Many students and adults can relate to time spent on LinkedIn, Indeed, Handshake, cover letters, internship research, resume edits, email inquiries, more cover letter writing and the silence that seems to always follow.
I knew finding a job wasn’t going to be easy. I didn’t know, however, that trying to find a job would feel like sending myself into an online black hole of career opportunities that never come to fruition.
The odds felt stacked against me, but I tried to remind myself that I wasn’t the only one feeling this unease toward the unknown.
College is filled with rejection. Life is filled with rejection. Whether it’s regarding one’s education, career or personal endeavors, it’s something we all feel at one point or another.

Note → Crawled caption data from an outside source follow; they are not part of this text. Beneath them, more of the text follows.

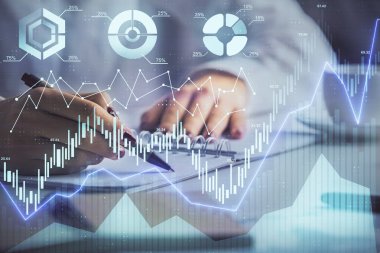 Forex grafik hologramı ile not lar yapan kadın ellerinin çift pozlama. Kavram teknik analizi.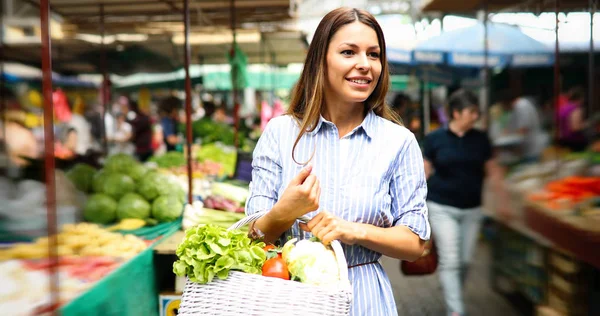 Mulher no mercado comprando frutas — Fotografia de Stock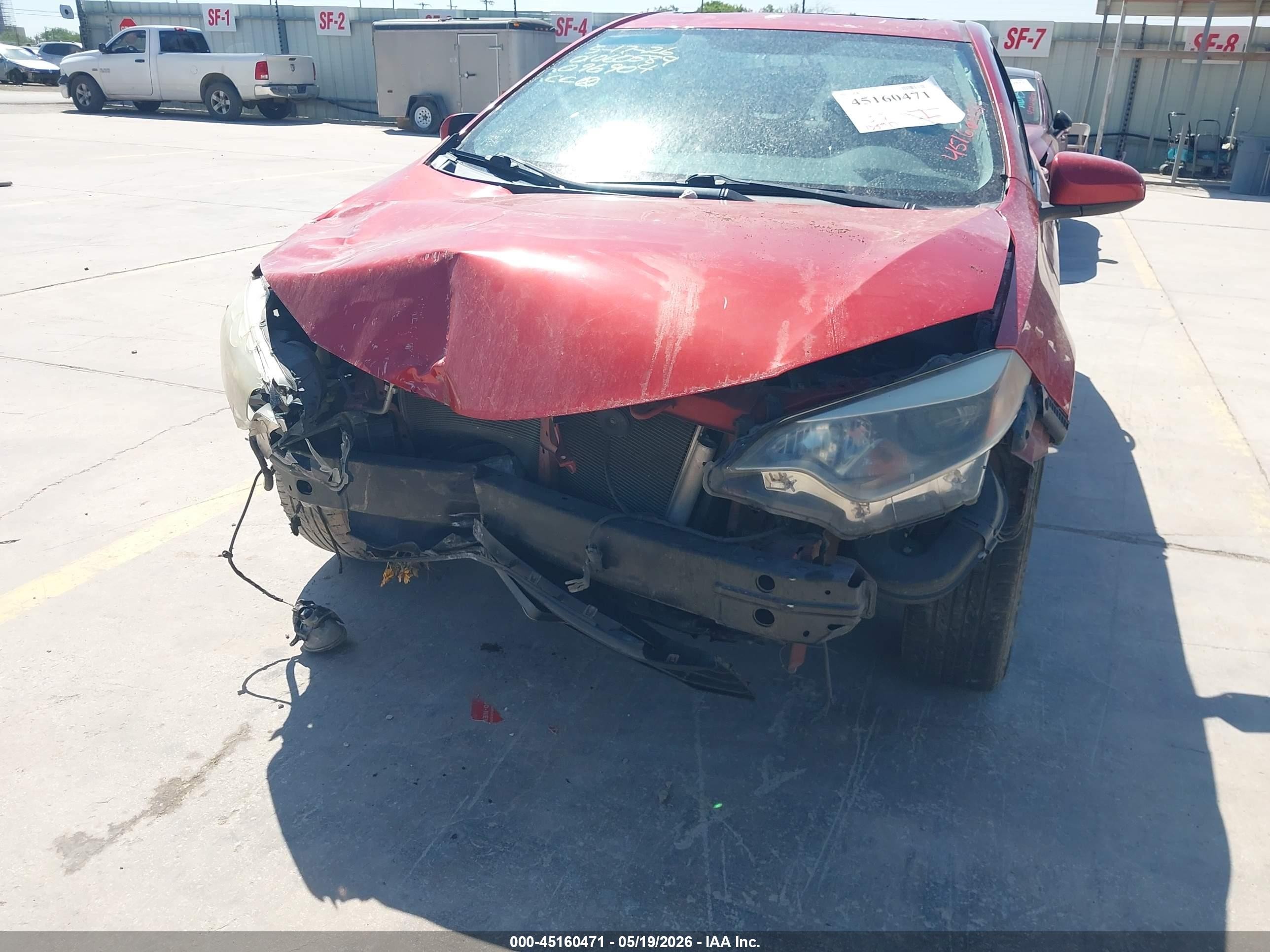 2014 Toyota Corolla Le Premium Красный vin: 5YFBURHE7EP096904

This experience is universal. So rather than looking at rejection as dismal and disheartening, look at it as proof that our brains are feeling exactly what they need to be feeling in that moment.
Don’t feel sorry for yourself because someone says no, and don’t be ashamed to admit that they rejected you.
Most importantly, don’t feel like you can’t be bummed because simply put: Life can sometimes be a bummer.
Rejection wants us to sit with our uncomfortable feelings. Instead, we should walk around proudly with those feelings.
Rather than looking at rejection as an attack on your worth, look at it as useful information. It’s important how we define experiences like rejection because they are dimensional and temporary, not fixed.
Rejection can be beneficial even if it doesn’t feel like it at the moment. If we look at it with a more constructive approach, we can let ourselves feel humbled by the experience, allowing our paths to be redirected.
An answer of no does not need to take away your hope. It just needs to encourage you to pivot.
Ask yourself questions, explore different options and have conversations with yourself about what you need in life. The important lesson in rejection is learning to move on and grow from it.
It’s easy to think that we are defined by our accomplishments, but I think we as people are defined by much more than that. How we get to the point of being able to achieve accomplishments is what defines us, and that path is never straight or narrow.
The importance does not lie in the achievement, but rather the arrival and remembering what it took to get there in the first place.
Let’s reframe how we let rejection affect our spirit. Instead of giving it the opportunity to instill unnecessary insecurity in us, let rejection be a coat of armor – a means to preserve the path that is meant for us, even if it is unknown.
Sometimes other people are given the power to make decisions that affect us and just because they can, it doesn’t mean we have to limit ourselves to those decisions.
Whether it means trying again, moving on or doing something entirely different, let yourself wander for a moment, because it turns out rejection can also be your opportunity.
Rejection does not determine your life, it is how you move forward from it that does.
If you’re currently facing a roadblock of rejection, that’s OK. It’s just a reminder that you’re still headed in a direction that does not need to be standardized with a right or wrong way.
Wherever this direction goes – up or down, left or right – it’s just a part of the journey.